I have always felt that there is no sky which is more blue and no clouds which are more cumulus than those in Canada’s Central Alberta region. Here fertile farmland stretches over rolling hills which then give way to lush green river valleys, followed by sleepy rural communities, and then to yet more farmland.
It is a place where dust billows behind tractors as farmers begin their annual harvest, everyone drives a pick-up truck, and cowboys are the real deal – not just gunslingers involved in Spaghetti Western shootouts.
This is where I grew up, where my family remains, and where I faithfully return every year. There really is no place like home.
For a region so aware of its roots, it comes as no surprise that many of these sleepy communities show their support to local producers at summertime farmers markets. They are among my favourite places to go when I am home and where I can always find the freshest saskatoon berry jam, the thickest clover honey, and the sweetest maple fudge.
If you don’t know what a saskatoon berry is then it’s likely you’re not from one of the Canadian Prairie Provinces where saskatoons signal summer. They look similar to blueberries but have a distinctly wild flavour, and their vibrant purple flesh is responsible for staining fingers, lips, and clothing.
This is something that many central Albertans know all about. Home kitchens are where batches of raspberry, strawberry rhubarb, and saskatoon jams bubble on the stovetop and where some of the fresh, warm finished product doesn’t always make it into glass jars – it’s simply too good to wait for. That which does is poured, sealed, and sold at farmers markets around Central Alberta by women like Betty from Betty’s Jam.
Her thick purple saskatoon jam swims with crushed berries and is always the right taste of home. On one of my yearly visits to the Ponoka Farmers Market Betty was sold out of my saskatoon precious but gave me her phone number and asked me to let her know the next time I would be in town. I haven’t left empty-handed since then.
In the towns dotted around rural Central Alberta, farmers markets go hand-in-hand with a strong sense of community. They are weekly affairs held in parks, parking lots, and empty hockey arenas otherwise closed for the summer months. Farmers markets are as much about supporting local producers as they are about stopping in to say hello and having a coffee and freshly baked homemade pie with people you have known all your life.
They are places where if you take the time, you can discover more about what you are buying and whom you are buying it from. One local producer, Cecelia from Stirling’s Farm Honey, was happy to share her story.
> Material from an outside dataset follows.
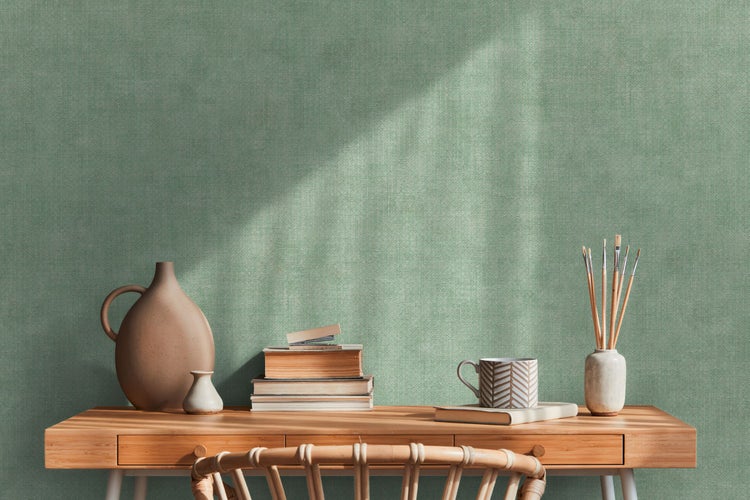 Szene mit Schreibtisch, Dekorationen und Bücherstapel vor einer Wand.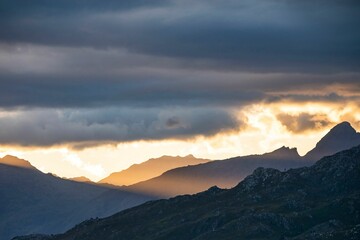 Mountainous landscape with the sun shining under the dense clouds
Cecelia and her husband live on a farm near the village of Clive, grow berries, and raise honeybees. They can be found at the Ponoka Farmers Market every Wednesday and the Lacombe Farmers Market every Friday during the season. I am a faithful, if only once a year, customer at the market in Ponoka. Cecelia told me that their honey is predominantly the sweet clover variety, but that the bees go wherever there is pollen available and that notes of dandelion, canola, and wildflowers also find their way into the hives.
In a good year, Cecelia and her husband harvest their hives twice per year and can get between 30 and 45 kilograms of honey per hive during each extraction. The honey they sell is raw – it goes directly from the hive to the extractor and then into a jar – farm fresh and fabulous. When it reaches the tip of my tongue, I am in happy honey heaven.
Fresh vegetables at farmers markets are often sold by traditionally-dressed Hutterite families. Their produce is straight from the field, with dirt still clinging to the roots of yellow onions and asparagus, beans, carrots, cucumbers, lettuce, potatoes, and everything which is in season neatly piled on a long table. For as long as I have been alive, the farmers of the Ferrybank Hutterite Colony have always occupied the same spot at the Ponoka Farmers Market.
For a taste of the farm, minus the market, a stop at the Kraay Family Farm and its corn maze is a must on any summer visit to Central Alberta.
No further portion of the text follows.